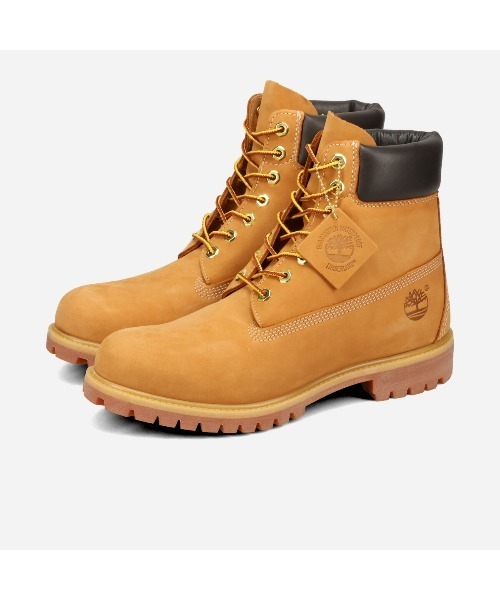 Timberland（ティンバーランド） ブーツ メンズ : ZOZOTOWN Yahoo!店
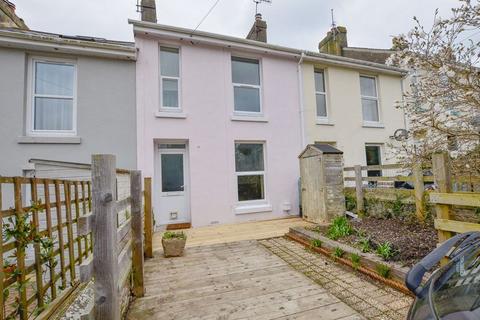 3 bedroom terraced house for sale, HOME CLOSE, BRIXHAM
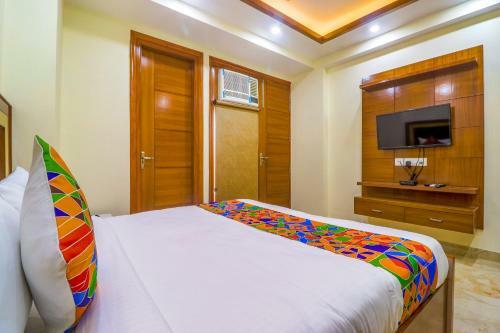 Fabhotel Star Corporate Suite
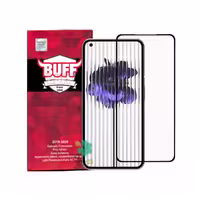 گلس گوشی Buff 5D مناسب ناتینگ Phone 1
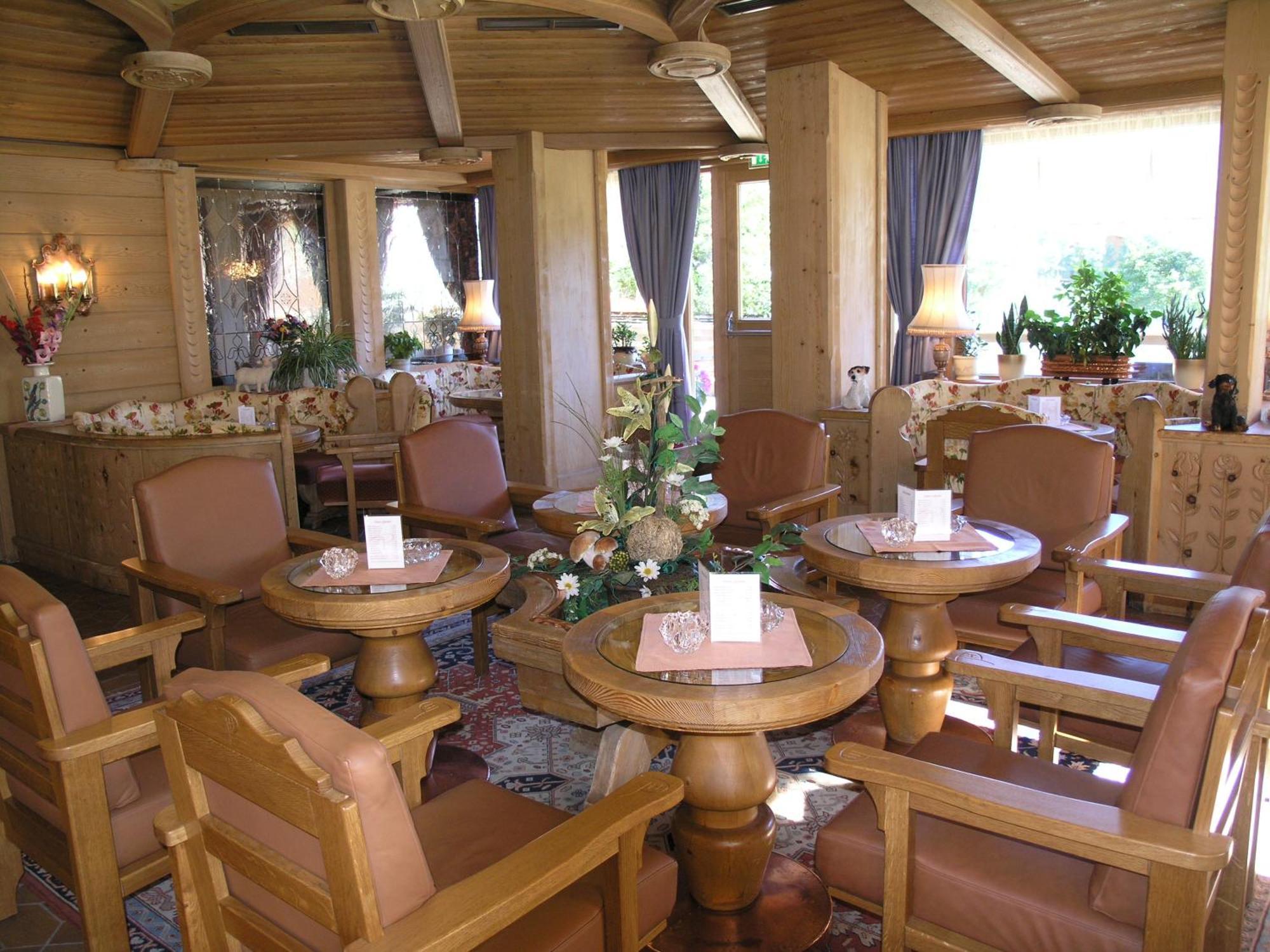 Parkhotel Soelden Zewnętrze zdjęcie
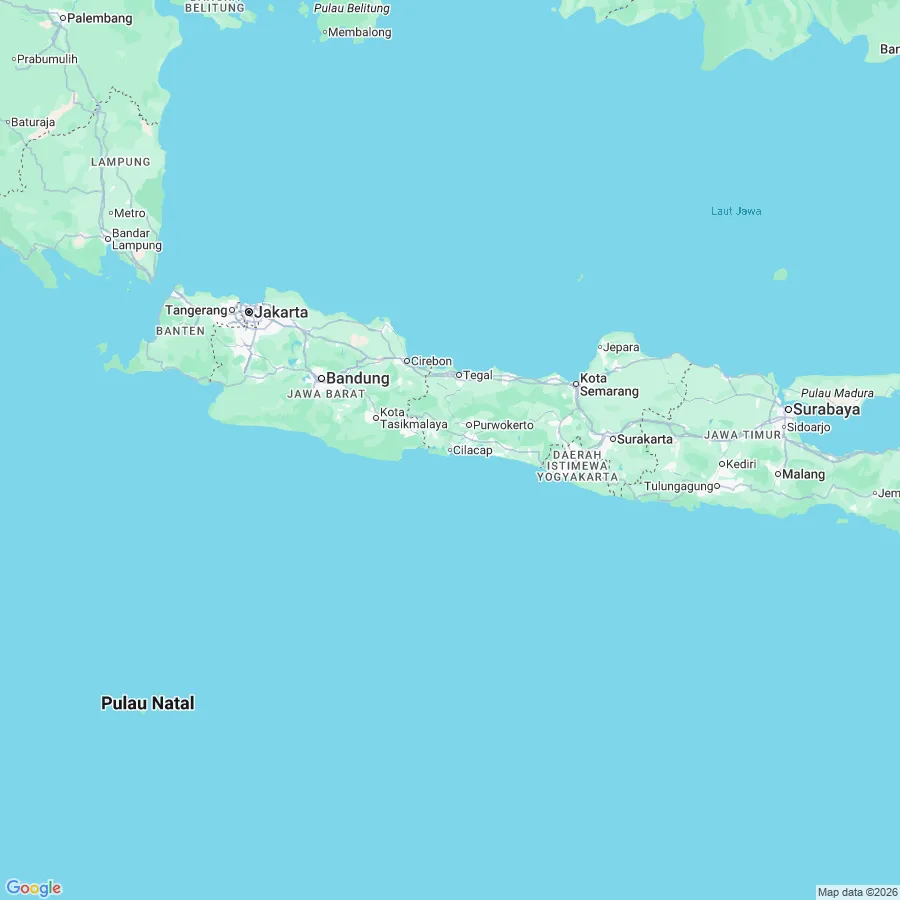 Mengenal Bli Explossive: Solusi Retail Terbaik di Cilacap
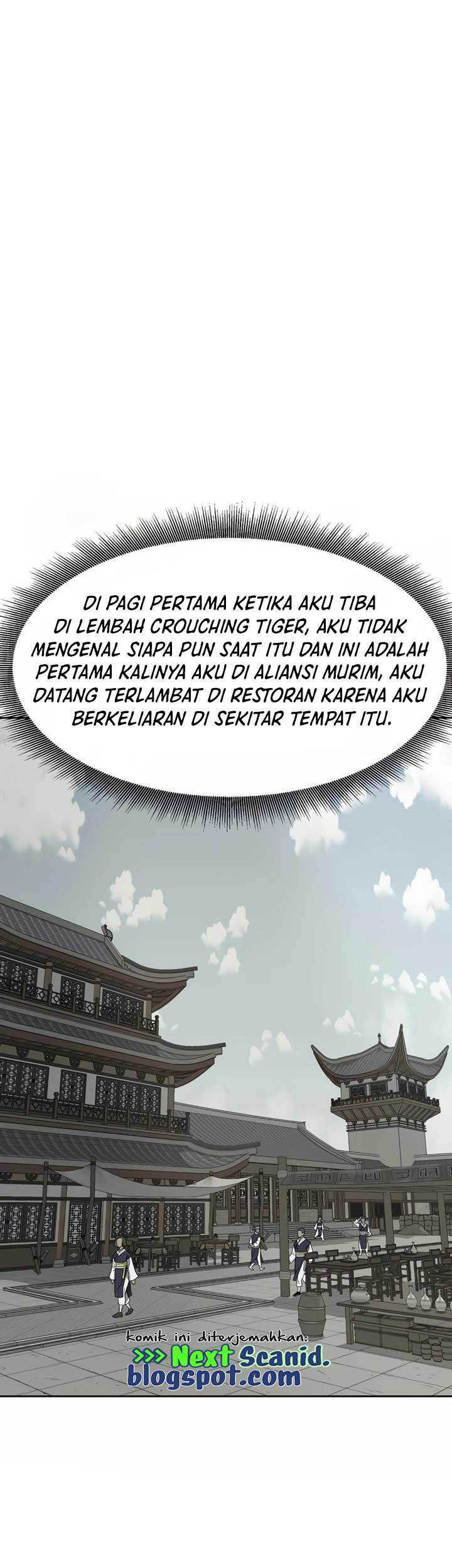 Baca Manhwa Infinite Level Up in Murim Chapter 82 Gambar 2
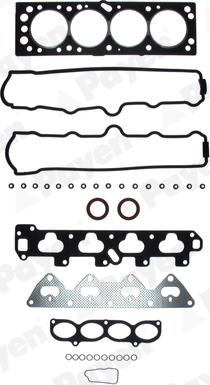 Payen CY210 - Kit guarnizioni, Testata www.autoricambit.com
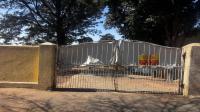 Front View of property in Rosettenville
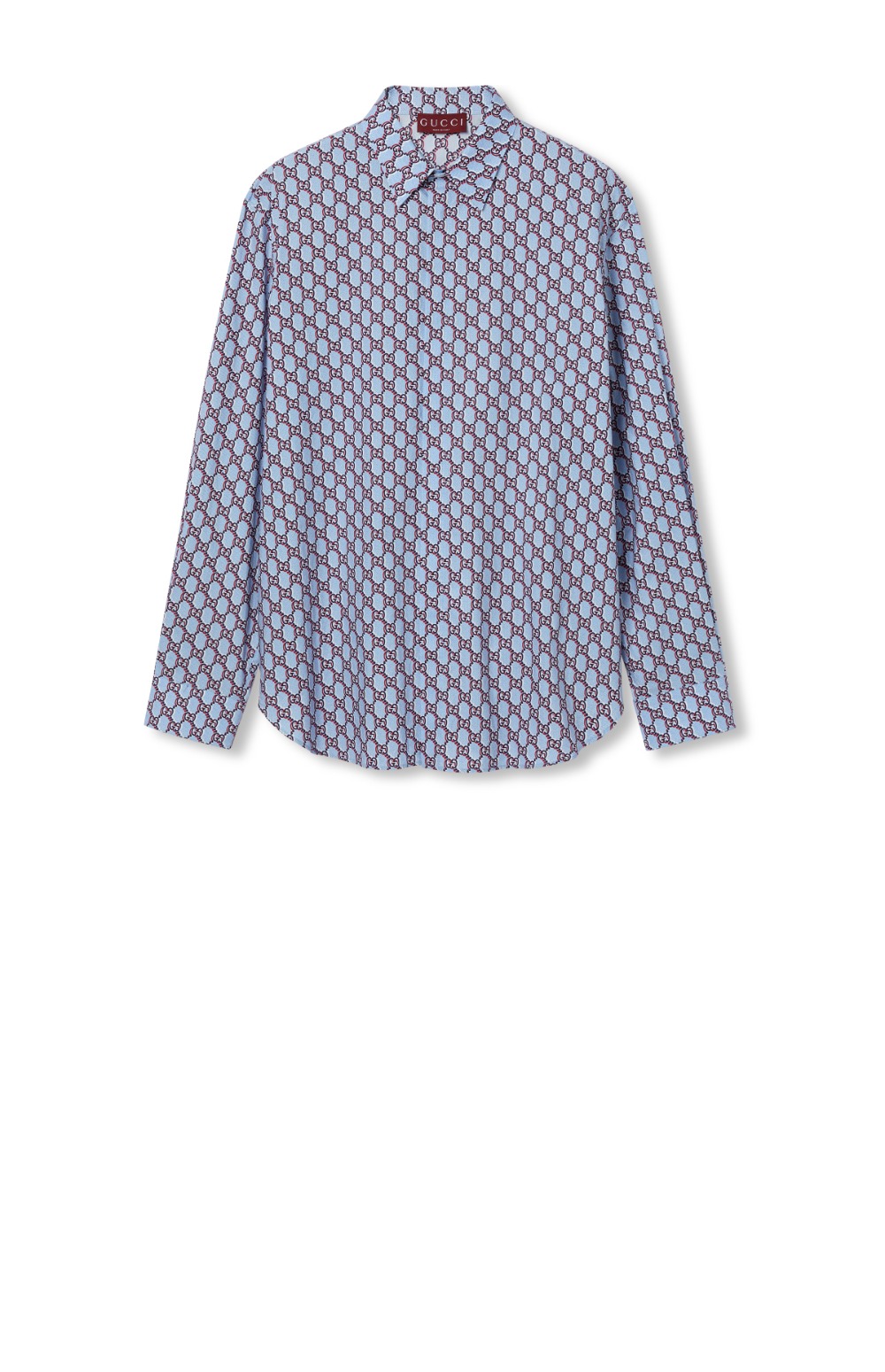 구찌 코튼 셔츠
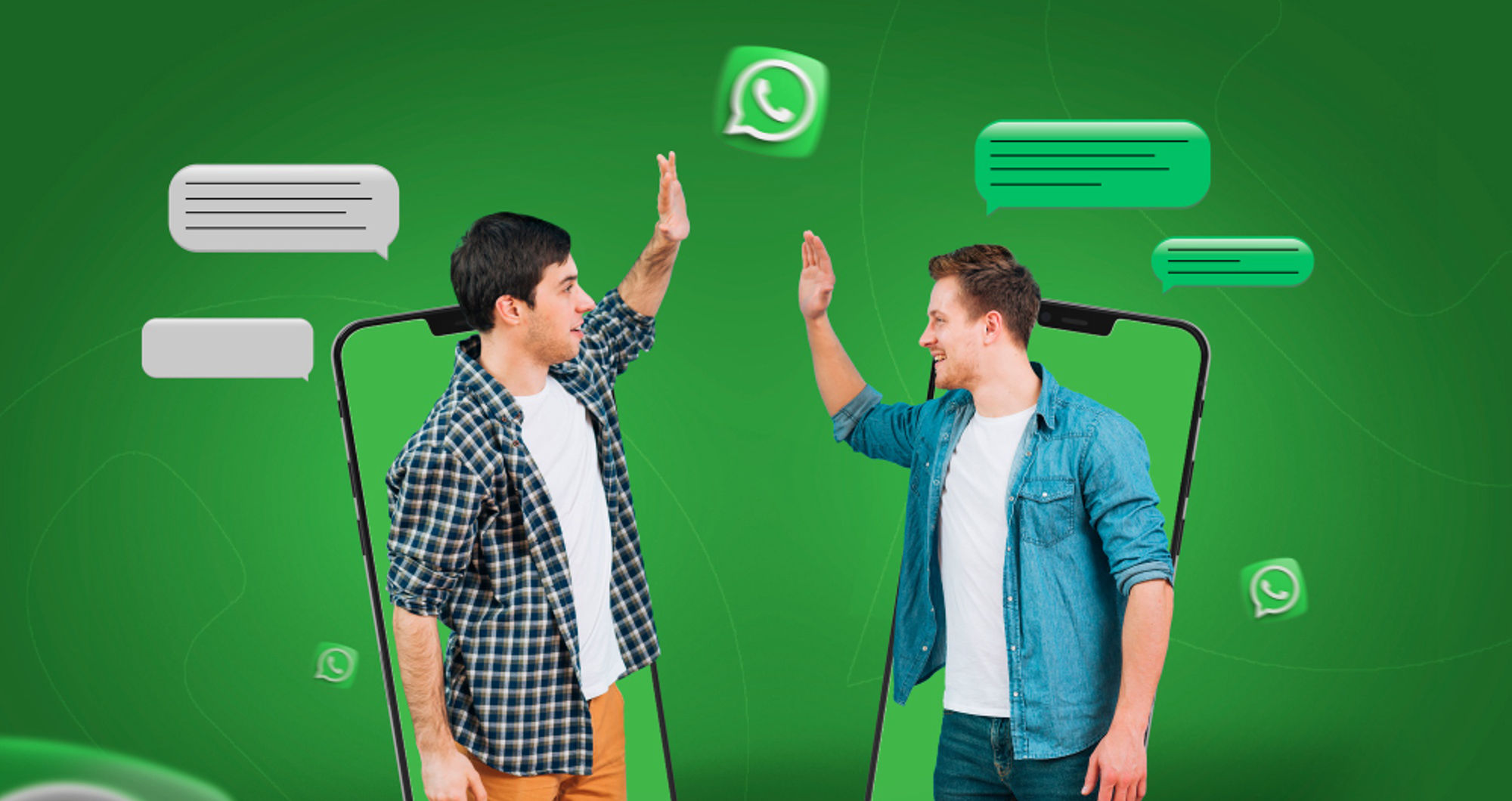 How AI-powered automation is revolutionising e-commerce sales through WhatsApp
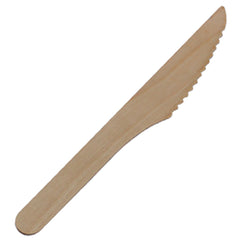 Wooden Knife - Pack 100
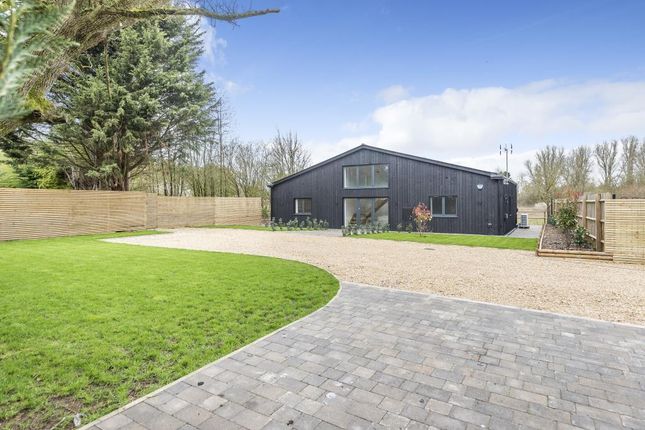 Thumbnail Detached house for sale in Chartridge, Buckinghamshire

········

--- GOAL OF THE EXERCISE ---
Repeat exactly and only the lines from the one holding "Baca Manhwa Infinite" through the final line of the entries; no pictures.

--- RESULT OF THE TASK ---
 Baca Manhwa Infinite Level Up in Murim Chapter 82 Gambar 2
 Payen CY210 - Kit guarnizioni, Testata www.autoricambit.com
 Front View of property in Rosettenville
 구찌 코튼 셔츠
 How AI-powered automation is revolutionising e-commerce sales through WhatsApp
 Wooden Knife - Pack 100
 Thumbnail Detached house for sale in Chartridge, Buckinghamshire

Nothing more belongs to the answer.